With the release of Room 237, a documentary about obsessive fans of the movie and their various theories about it, the scales then tipped the other way again as she realised that “otherwise normal people seemed as obsessed [with The Shining] as Jack Torrance had been with the Overlook.”
What a grump, eh? Well, no. I feel the same way. In fact, I’m starting to wonder whether anyone has seen any other films except for The Shining. The evidence suggests not. First there were this year’s Oscars, during which the Academy used a mock commercial for the Overlook Hotel to promote its own museum. Now, with the release of Steven Spielberg’s virtual reality adventure Ready Player One, which makes copious use of Kubrick’s film in an extended sequence set inside it, I’ve finally reached the point where I can overlook the Overlook no longer. It’s become the Japanese knotweed of cinema: it’s everywhere.
Plenty of films get referenced repeatedly — Star Wars, Jaws, Pulp Fiction and a second Kubrick, 2001: A Space Odyssey, are probably the titles rounding out the rest of the top five of most alluded to movies. But there is something particularly insular about this Shining obsession, which seems (as Anne suggested) to mimic those same obsessive, introspective tendencies found in its main character.

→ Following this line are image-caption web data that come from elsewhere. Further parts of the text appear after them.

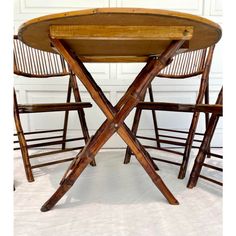 Here is an amazing dining set made from burnt or tortoise shell finish bamboo.  The set consists of a round table and four matching chairs.  All the pieces fold up!  It's perfect for daily use or used for special occasions.   The chairs have lovely rounded backs with wonderful wrapped corners and slatted design.  The table is topped with a geometric burnt bamboo top and trimmed in bamboo pieces.  It's lightweight but sturdy!    Table is 36 diameter 30”h, knee is 29.5” Chairs 18.5 x 25 x 35 Seat height 18” Round Dining Table And Chairs, Bamboo Chairs, Bamboo Chair, Dining Table And Chairs, Bamboo Top, Matching Chairs, Dining Table Chairs, Folding Chair, Round Table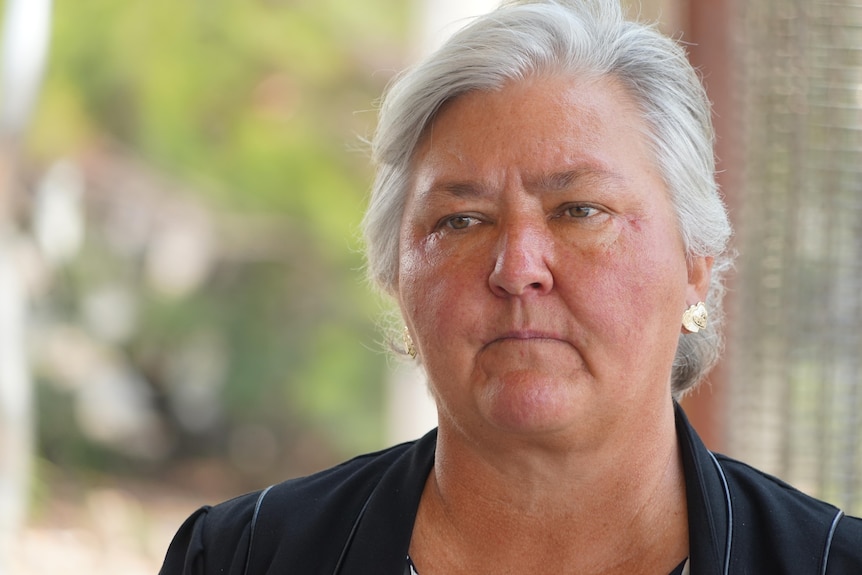 NT Senator Sam McMahon speaking to the media at a press conference, looking serious. 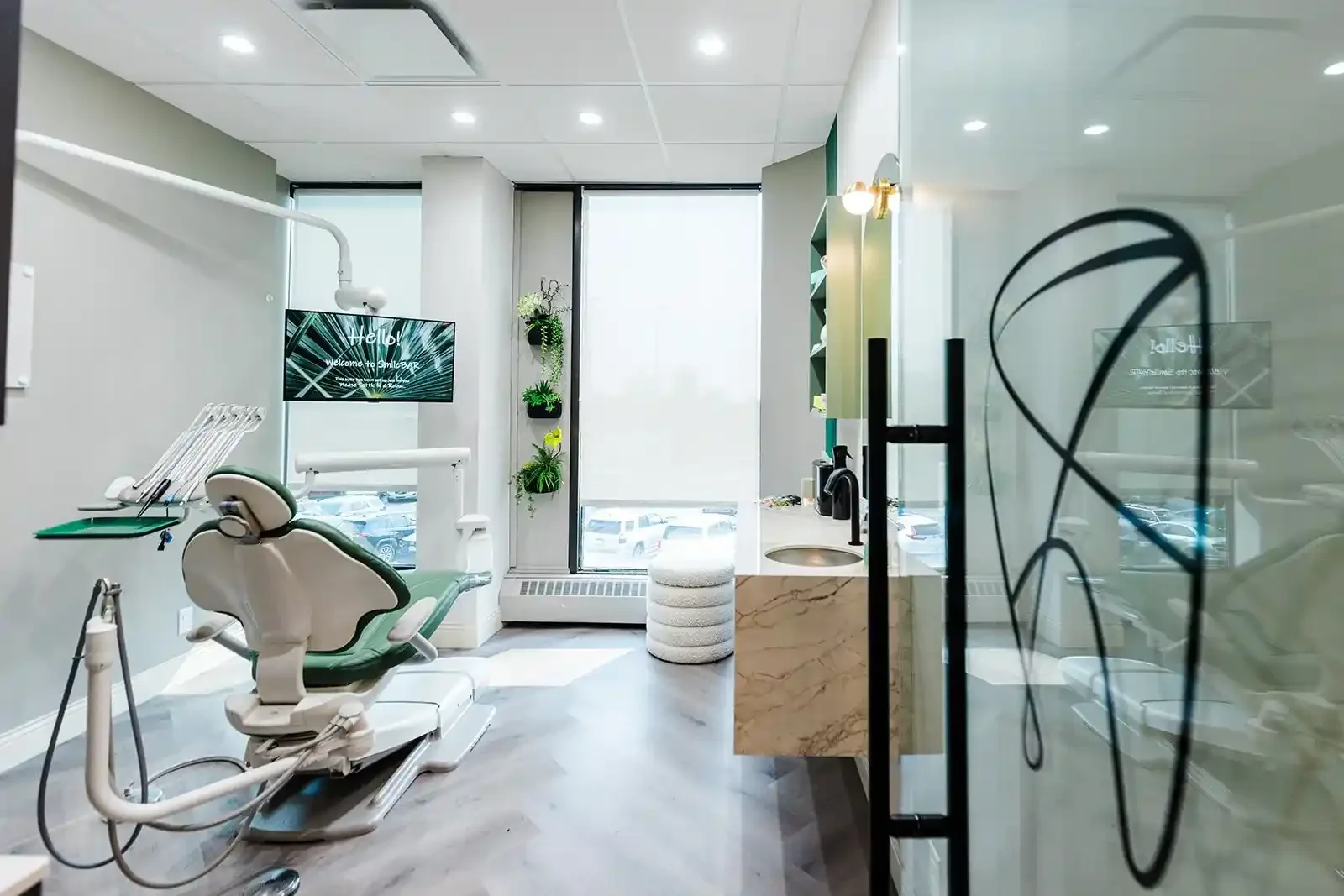 Modern treatment room and patient chair at Smile Bar dental clinic in Calgary.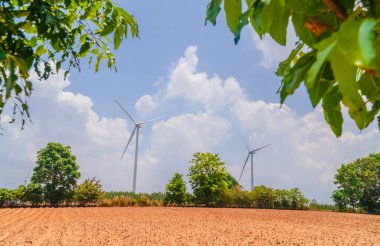 Mavi gökyüzü ve yeşil çevresi olan beyaz yel değirmeni, halkın yararı için elektrik üreten tek bir rüzgar türbini, mavi gökyüzü olan bir tarlanın ortasında duran büyük bir yel değirmeni.. 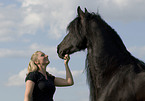 woman with Frisian Horse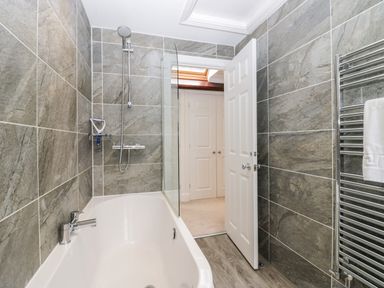 A bathroom with a bathtub and shower at Middlerigg in Troutbeck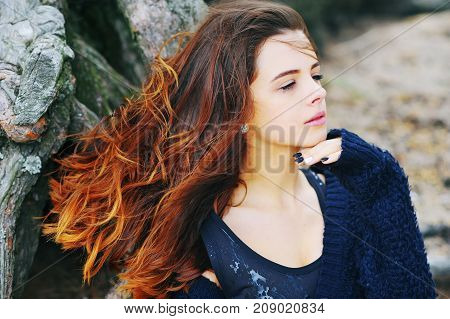 Portrait of young beautiful sad and desperate woman suffering from depression, sad looks away with tears in his eyes in a Park near a tree.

Perhaps that makes it the ideal choice for Ready Player One, which takes place largely in the VR world. For much of the film, the characters are not in contact with one another except in the digital realm, which explains why the picture is like watching a stranger playing a videogame for two hours. The hero, Wade Watts (Tye Sheridan), spends most of his time strapped into his VR headset in a hollowed-out vehicle languishing in a scrapyard. In one sequence, he and his co-adventurers enter the world of The Shining, roaming around inside its various sets: the great hall where the typewriter is still sitting with a fastidiously typed page — “All work and no play makes Jack a dull boy” — in the roller, the corridor that fills with gushing blood, Room 237 itself.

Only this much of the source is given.